5. It is cruel to keep them without a swimming size body of water.  They are water birds.  They love it so much.

6. Watching geese on the dam is one of the great pleasures of life. Beautiful, graceful, happy, entertaining.

7. They graze, and they eat lots of grass. We give them a scoop of laying pellets a day too, but mostly what they eat is grass.

8. They poo soft green pellets, like wallabies but softer, but quite acceptable (unlike ducks that are really messy poo-ers).

9. They can fly, quite a distance when in danger.  We have had to go collect Trevor a couple of times from a neighbour a kilometre away, downhill, when they were spooked by wild dogs.

10. Though they are large and noisy and scary and hang in a flock with guards, they are still vulnerable to foxes and dogs and need a safe place (like an island) to sleep at night.


{ 11 comments… add one }
  • lewie September 14, 2012, 10:31 am

    You should add that these are Pilgrim geese which are noted for their placid nature….Other breeds of geese may not let you pick them up so easily. and most are bigger birds.
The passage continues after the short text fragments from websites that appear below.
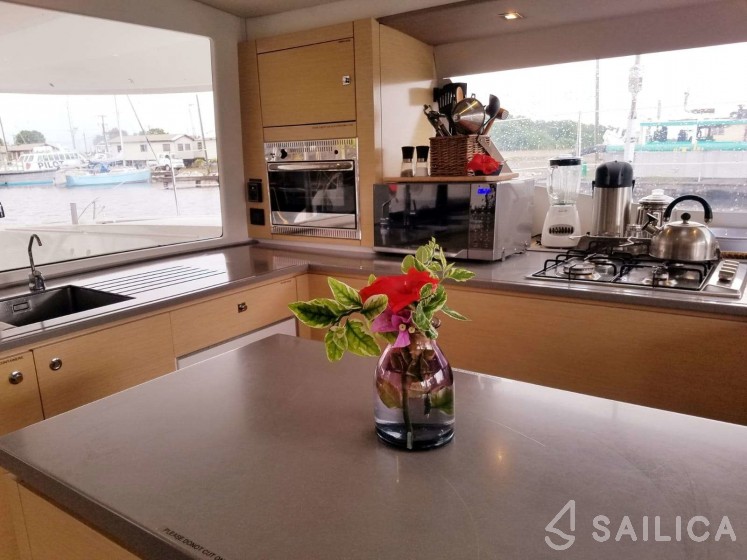 Saba 50 - Yacht Charter Sailica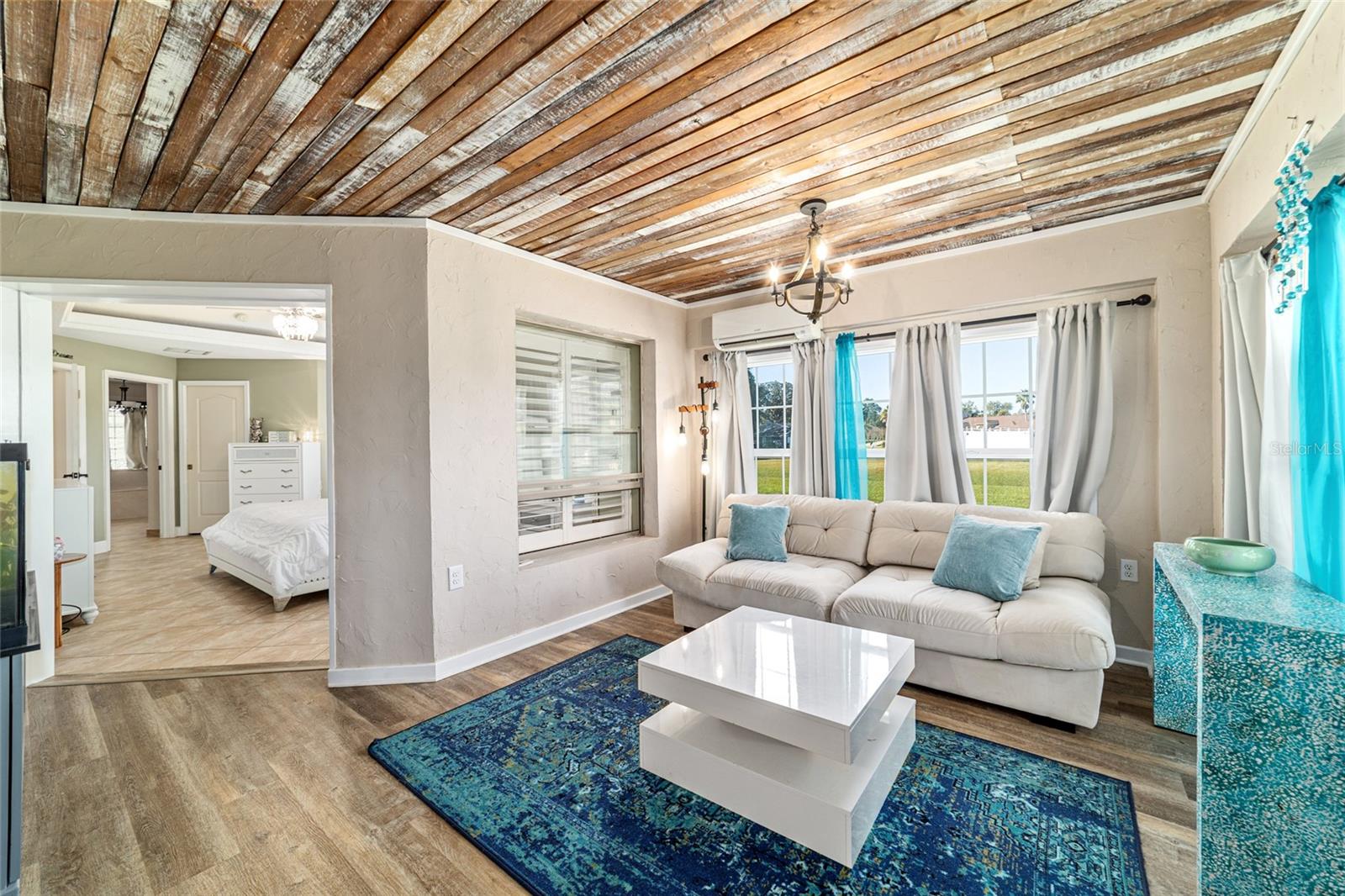 Listing photo id 22 for 27 Hickory Loop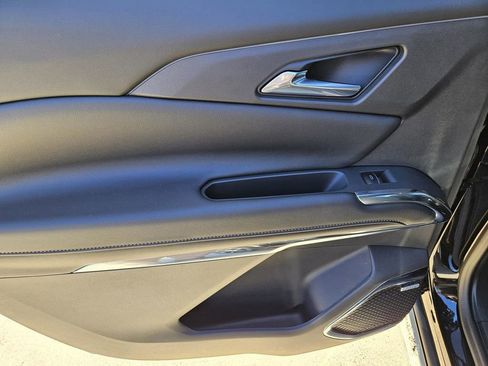 New 2026 Chevrolet Traverse High Country image 9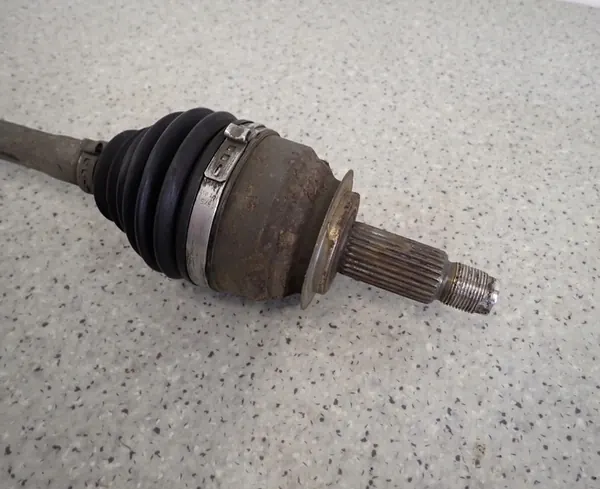 SUBARU IMPREZA III GH 07- 2.0D Främre Vänster Axel image 5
Pilgrims are also quite rare and are worth keeping for that reason. They also need deeper water to mate on.. they can’t mate on land.

  • Hazel September 14, 2012, 4:17 pm

    Oh, Linda, now you have made me want some. We don’t have a dam though, DAMN! We do have the creek, but I suppose they don’t like flowing water so much. *sigh*

  • cityhippyfarmgirl September 15, 2012, 6:38 am

    Linda, I loved this post. I’m miles off from getting geese but just reading from your experience of them makes me ponder goose thoughts…
    (and love the fact that you have a goose named Trevor 🙂

  • Corrin September 15, 2012, 6:55 am

    Thanks Linda, I’m glad I asked.

  • Elizabeth September 15, 2012, 5:46 pm

    They are so beautiful!! I’ve always wanted ducks but maybe it’s geese I really want.

  • Louise September 16, 2012, 9:15 am

    Thanks so much for this, they are lovely photos and obviously great additions to your garden.

  • Joy September 22, 2012, 3:44 pm

    I loved this post and have often thought about geese but tales of “killer geese” who do guard dog duties has put me off. I am wondering, as we have wild ducks on our dam all the time, would they get on? Also do they go to “roost” in the evening like the chookies do? Sorry I’m a bit late commenting on this. Joy

  • Linda September 22, 2012, 4:45 pm

    Hi Joy, our geese get along fine with our ducks, and also (unfortunately) with the wild brush turkeys. The whole lot come up to be fed together and lately the ducks and the geese have been laying in the same nest. Our geese sleep on the dam, feet tucked up and head under a wing. In wild weather they get under the house, which we don’t like both because they are vulnerable to foxes there but also because they wake us up. Only Jackie likes the actual goose house, and she has laid her eggs in there all spring, but goannas can get in and they have been stealing her eggs every day. I have heard of aggressive geese. In fact we first got them imagining that they might stand in for guard dogs and chase off goannas. But ours are way too tolerant for that.

  • Pat October 6, 2012, 12:45 am

    It sadden to have to say that today we lost one of our goslings to a tick also. I would have thought the mothers would clean the young ones but I guess they only pick the ticks from the ground. We hav locked them in our one and only chook to see if this prevents the tick. Our chook is in a small bird type aviary, so heres hoping. Unfortunately it is past midnight as I write this and the geese are all still letting me know and the neighbours as well that the goslings are not under their care. Poor things and I am just trying to be kind.

  • Linda October 7, 2012, 7:19 am

    Hi Pat, we let our goslings range with the geese, but checked them for ticks every day. We rigged up a little barrier where we could feed them to get them in so it was possible to catch them. The parents stood outside and kicked up a stink, but they seemed to get the idea that it was for the babies’ good. They are such diligent parents though, aren’t they.

  • Michelle Abbott April 17, 2018, 9:25 pm

    I feed my goosling garlic powder In their feed after losing three young ones and it seems to have worked as after the first few doses the rest survived last summer. Not sure if it was the garlic but I will continue next summer just in case.